PARBOABOA, Jakarta - Amerika Serikat dan Iran kembali membahas program nuklir Teheran dalam sebuah pertemuan penting yang berlangsung pada Sabtu (19/04/2024) waktu setempat.
Putaran kedua ini berlangsung di Roma, Italia, tepat satu minggu setelah diskusi awal yang oleh kedua belah pihak disebut sebagai "konstruktif".
Menurut laporan televisi pemerintah Iran yang dikutip oleh AFP pada hari yang sama, pertemuan tersebut dimulai sekitar pukul 09.30 GMT dan dimediasi oleh Oman.
Gambar yang ditayangkan media pemerintah Iran memperlihatkan kedatangan Menteri Luar Negeri Iran, Abbas Araghchi, di Roma pada Sabtu dini hari.
Dalam lawatannya kali ini, Araghchi dijadwalkan bertemu dengan sejumlah pejabat tinggi Amerika Serikat, termasuk Utusan Khusus AS untuk Timur Tengah, Steve Witkoff.

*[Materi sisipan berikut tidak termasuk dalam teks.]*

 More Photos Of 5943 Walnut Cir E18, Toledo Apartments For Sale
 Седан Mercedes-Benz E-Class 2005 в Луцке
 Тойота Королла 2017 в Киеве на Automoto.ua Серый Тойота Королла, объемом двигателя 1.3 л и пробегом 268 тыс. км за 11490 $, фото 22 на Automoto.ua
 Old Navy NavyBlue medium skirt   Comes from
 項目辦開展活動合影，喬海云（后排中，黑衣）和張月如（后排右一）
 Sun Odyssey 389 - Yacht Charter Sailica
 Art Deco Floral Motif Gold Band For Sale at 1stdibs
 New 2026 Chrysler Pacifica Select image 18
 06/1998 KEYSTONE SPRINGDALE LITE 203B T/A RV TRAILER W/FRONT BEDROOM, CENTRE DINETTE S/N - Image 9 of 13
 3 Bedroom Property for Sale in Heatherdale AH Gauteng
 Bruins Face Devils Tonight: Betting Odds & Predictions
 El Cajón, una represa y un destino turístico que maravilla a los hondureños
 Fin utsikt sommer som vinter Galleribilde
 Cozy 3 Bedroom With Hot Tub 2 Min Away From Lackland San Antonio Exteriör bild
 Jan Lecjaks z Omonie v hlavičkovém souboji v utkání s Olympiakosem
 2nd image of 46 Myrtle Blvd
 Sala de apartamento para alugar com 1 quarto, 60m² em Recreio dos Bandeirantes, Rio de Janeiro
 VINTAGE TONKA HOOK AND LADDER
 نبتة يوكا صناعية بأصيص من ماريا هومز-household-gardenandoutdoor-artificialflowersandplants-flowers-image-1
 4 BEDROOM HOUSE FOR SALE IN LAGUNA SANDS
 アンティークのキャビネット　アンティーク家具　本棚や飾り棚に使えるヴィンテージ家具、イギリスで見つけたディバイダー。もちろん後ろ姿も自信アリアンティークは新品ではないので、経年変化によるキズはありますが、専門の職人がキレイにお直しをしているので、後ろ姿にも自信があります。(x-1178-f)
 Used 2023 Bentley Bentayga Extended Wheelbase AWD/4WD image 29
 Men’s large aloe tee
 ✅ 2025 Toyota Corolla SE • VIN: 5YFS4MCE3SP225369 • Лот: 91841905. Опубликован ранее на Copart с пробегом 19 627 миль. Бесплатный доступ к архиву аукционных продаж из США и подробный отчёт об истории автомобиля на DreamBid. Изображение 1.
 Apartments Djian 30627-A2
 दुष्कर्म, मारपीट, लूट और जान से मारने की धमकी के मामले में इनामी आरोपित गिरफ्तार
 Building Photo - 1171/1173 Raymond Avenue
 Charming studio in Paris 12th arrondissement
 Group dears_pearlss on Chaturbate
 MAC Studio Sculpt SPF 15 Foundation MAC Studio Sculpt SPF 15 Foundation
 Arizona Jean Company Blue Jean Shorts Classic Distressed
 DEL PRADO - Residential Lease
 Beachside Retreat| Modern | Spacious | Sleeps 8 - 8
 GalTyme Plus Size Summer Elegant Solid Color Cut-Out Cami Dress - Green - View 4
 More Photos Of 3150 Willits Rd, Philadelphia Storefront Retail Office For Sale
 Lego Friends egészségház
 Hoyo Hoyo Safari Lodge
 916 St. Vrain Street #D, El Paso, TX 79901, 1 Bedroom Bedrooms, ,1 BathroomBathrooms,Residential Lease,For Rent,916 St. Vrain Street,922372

Pertemuan ini menyusul diskusi sebelumnya yang digelar di Muscat, Oman. Itu merupakan pertemuan tingkat tinggi pertama antara kedua negara sejak AS secara sepihak menarik diri dari perjanjian nuklir penting pada 2018 di bawah kepemimpinan Presiden Donald Trump.
Sementara itu, ketegangan antara kedua negara terus berlangsung. Negara-negara Barat, termasuk AS, telah lama menuduh Iran berupaya mengembangkan senjata nuklir.
Namun, tuduhan tersebut selalu dibantah oleh Teheran. Pemerintah Iran menegaskan bahwa program nuklir yang mereka jalankan sepenuhnya ditujukan untuk keperluan sipil dan damai.
Sejak Revolusi Islam Iran pada 1979, AS dan Iran tidak lagi menjalin hubungan diplomatik secara resmi.
Ketegangan kembali meningkat setelah Trump kembali menjabat pada Januari lalu dan kembali melancarkan kampanye "tekanan maksimum" melalui pemberlakuan sanksi terhadap Iran.
Pada bulan Maret, Trump juga dilaporkan mengirimkan surat kepada Pemimpin Tertinggi Iran, Ayatollah Ali Khamenei.
Dalam surat itu, Trump mendesak dimulainya perundingan baru terkait program nuklir Iran, sembari memperingatkan akan adanya kemungkinan tindakan militer jika jalur diplomatik tidak membuahkan hasil.
Isi Perundingan
Jurnalis senior Al Jazeera, James Bays, melaporkan bahwa dalam pertemuan terbaru antara Iran dan AS, Teheran berusaha mendorong terciptanya solusi yang konsisten dan berkelanjutan dalam proses perundingan.
Pokok bahasan utama yang menjadi sorotan adalah keberlanjutan program nuklir sipil milik Iran, yang selama ini menuai kontroversi di mata dunia internasional.
Menurut Bays, perdebatan inti berkisar pada pertanyaan mendasar tentang apakah Iran harus menghentikan seluruh kegiatan nuklirnya, ataukah masih ada ruang kompromi untuk mempertahankan program nuklir dengan tujuan damai.
Ia menambahkan bahwa diskusi yang dilakukan, baik di Oman pekan lalu maupun di Roma, masih bersifat awal dan merupakan penyusunan kerangka kerja menuju perundingan yang lebih substansial.
Meski belum menghasilkan kesepakatan konkret, pertemuan ini menjadi langkah awal penting untuk menjajaki titik temu di antara dua negara yang sejak lama terlibat ketegangan diplomatik.
Pembicaraan tersebut juga menunjukkan bahwa meski hubungan kedua negara membeku sejak Revolusi Islam Iran 1979, saluran komunikasi tidak sepenuhnya tertutup, terutama dalam isu-isu strategis seperti proliferasi nuklir.
Perlu diketahui bahwa Iran selama ini membantah tudingan bahwa program nuklirnya bertujuan untuk mengembangkan senjata.
Teheran menegaskan bahwa seluruh kegiatan nuklirnya ditujukan untuk keperluan sipil, termasuk kebutuhan energi dan riset medis.
Namun, negara-negara Barat, termasuk Amerika Serikat, masih menaruh curiga terhadap niat sebenarnya di balik program tersebut.